鍋に水と、だしパックを入れて火にかけ、沸騰する手前で弱火に落とし、表面がゆらゆらと動くぐらいの温度で7分ほど煮出す。そばやラーメンのつゆ以外はこの方法で出汁をとっている。沸騰させるとえぐみが気になるからだ。味の澄んだ出汁は、その料理の邪魔をせず、味の下支えになる。
だしパックを取り出し、スペアリブと玉ねぎを入れて、ひと煮たちさせてアクをとる。蓋をのせて弱火で一時間ほど煮込む。まずは、スペアリブを柔らかくすること、骨と玉ねぎから、旨味を煮汁に移すことに専念する時間だ。
時間通りに蓋を開けると、程よくスペアリブの筋が解けている。やっぱりじっくりコトコト系の料理には、重くても鋳物の鍋がよく似合う。
鍋の中に薄口醤油と味醂、隠し味の梅干しと黒こしょうを入れて味を付け、とうもろしと、じゃがいもを足す。これで見た目もだいぶ夏らしくなってきた。
落とし蓋をして、今度は中火で煮詰めながら、30分煮る。
煮ている最中、暑いキッチンの中で、黄色い鍋がコトコトと音を立て、暑いけど頑張れと応援してくれているような気がした。黒や銀色の無骨な鍋では、こういう気持ちにならなかっただろう。

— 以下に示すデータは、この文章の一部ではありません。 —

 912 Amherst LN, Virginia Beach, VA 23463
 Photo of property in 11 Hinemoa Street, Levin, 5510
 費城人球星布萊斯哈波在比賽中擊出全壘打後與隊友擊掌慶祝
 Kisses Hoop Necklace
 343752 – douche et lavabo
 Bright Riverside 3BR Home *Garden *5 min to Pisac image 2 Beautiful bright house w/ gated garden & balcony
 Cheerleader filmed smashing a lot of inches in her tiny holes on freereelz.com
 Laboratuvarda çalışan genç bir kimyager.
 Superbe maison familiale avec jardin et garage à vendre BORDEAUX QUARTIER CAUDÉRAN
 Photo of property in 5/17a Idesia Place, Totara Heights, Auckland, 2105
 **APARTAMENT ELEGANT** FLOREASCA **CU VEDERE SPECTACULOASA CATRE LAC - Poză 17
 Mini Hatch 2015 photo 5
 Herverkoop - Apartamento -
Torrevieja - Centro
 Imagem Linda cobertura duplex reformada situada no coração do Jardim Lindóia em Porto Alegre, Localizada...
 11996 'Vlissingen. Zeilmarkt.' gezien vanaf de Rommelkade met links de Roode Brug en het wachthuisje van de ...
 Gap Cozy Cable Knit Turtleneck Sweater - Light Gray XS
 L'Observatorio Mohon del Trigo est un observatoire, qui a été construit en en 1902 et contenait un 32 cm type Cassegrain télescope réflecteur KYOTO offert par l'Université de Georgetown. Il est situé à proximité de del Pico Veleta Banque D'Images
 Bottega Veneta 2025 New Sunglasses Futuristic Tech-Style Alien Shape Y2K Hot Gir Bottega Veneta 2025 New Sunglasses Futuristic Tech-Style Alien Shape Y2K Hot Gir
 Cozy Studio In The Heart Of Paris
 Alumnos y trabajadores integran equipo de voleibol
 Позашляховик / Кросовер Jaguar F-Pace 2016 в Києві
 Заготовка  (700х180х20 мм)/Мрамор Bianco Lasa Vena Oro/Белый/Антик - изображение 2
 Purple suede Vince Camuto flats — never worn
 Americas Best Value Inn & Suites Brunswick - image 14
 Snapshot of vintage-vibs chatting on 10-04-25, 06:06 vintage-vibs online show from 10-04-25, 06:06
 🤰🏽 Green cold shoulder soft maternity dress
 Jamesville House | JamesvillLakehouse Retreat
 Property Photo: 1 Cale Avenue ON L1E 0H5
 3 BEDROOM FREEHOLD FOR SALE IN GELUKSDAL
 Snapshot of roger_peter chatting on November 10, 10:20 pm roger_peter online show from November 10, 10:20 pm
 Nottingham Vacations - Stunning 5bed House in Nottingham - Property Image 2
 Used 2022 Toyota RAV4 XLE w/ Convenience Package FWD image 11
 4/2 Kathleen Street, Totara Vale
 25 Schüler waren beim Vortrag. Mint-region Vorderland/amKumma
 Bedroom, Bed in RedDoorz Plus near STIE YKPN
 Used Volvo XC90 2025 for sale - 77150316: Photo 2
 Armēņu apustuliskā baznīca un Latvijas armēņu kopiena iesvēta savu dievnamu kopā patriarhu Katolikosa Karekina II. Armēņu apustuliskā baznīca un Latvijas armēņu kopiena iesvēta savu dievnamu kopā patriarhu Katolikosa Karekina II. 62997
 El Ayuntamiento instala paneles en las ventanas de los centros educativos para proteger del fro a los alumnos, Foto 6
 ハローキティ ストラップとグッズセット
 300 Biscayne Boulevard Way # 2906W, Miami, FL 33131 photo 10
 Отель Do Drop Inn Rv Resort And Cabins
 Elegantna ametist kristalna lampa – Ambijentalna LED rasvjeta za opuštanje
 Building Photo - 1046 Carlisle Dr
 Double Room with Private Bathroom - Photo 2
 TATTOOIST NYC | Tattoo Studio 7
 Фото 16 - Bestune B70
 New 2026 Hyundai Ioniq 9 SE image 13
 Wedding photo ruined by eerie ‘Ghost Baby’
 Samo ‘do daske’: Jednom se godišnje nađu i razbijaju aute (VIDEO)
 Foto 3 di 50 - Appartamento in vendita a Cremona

食べるのは、あっという間なのに、料理には時間がかかる。
だからこそ、気に入った道具で作ることや、好きな音楽をかけたり、
お酒を飲みながらだったりと、自分なりの楽しい時間にする工夫が台所には必要だ。
料理は良くも悪くも、本当にあれやこれやと順序立てられたことが多い。加えて日本の夏の不快指数は、そう変わらないだろう。
だからこそ、その時間は好きなものに囲まれて良い。
これは全ての台所に立つものに許されるべきなのだ。
煮上がった夏の肉じゃがに、しその葉をちぎって飾る。
額の汗を手で拭うと、ほんのりしその香りがした。
材料(3〜4人分)
・スペアリブ…500g
・塩…適量
・玉ねぎ…4個
・じゃがいも…4個
・とうもろこし…4本
・しそ…4枚
・黒こしょう…少々
・梅干し…1個
・だしパック…1袋
・水…700㎖
・うすくちしょうゆ…大さじ4
・みりん…大さじ4
<黄色い鍋>
北欧のCOPCO社の古い鍋。どっしりとした鋳物の鍋なのにポップな黄色がお気に入り。蓋の取手が両サイドになったデザインは、収納するときに邪魔にならないのがいい。可愛いのに機能的だなんて、工業デザイナーのマイケルラックス天才!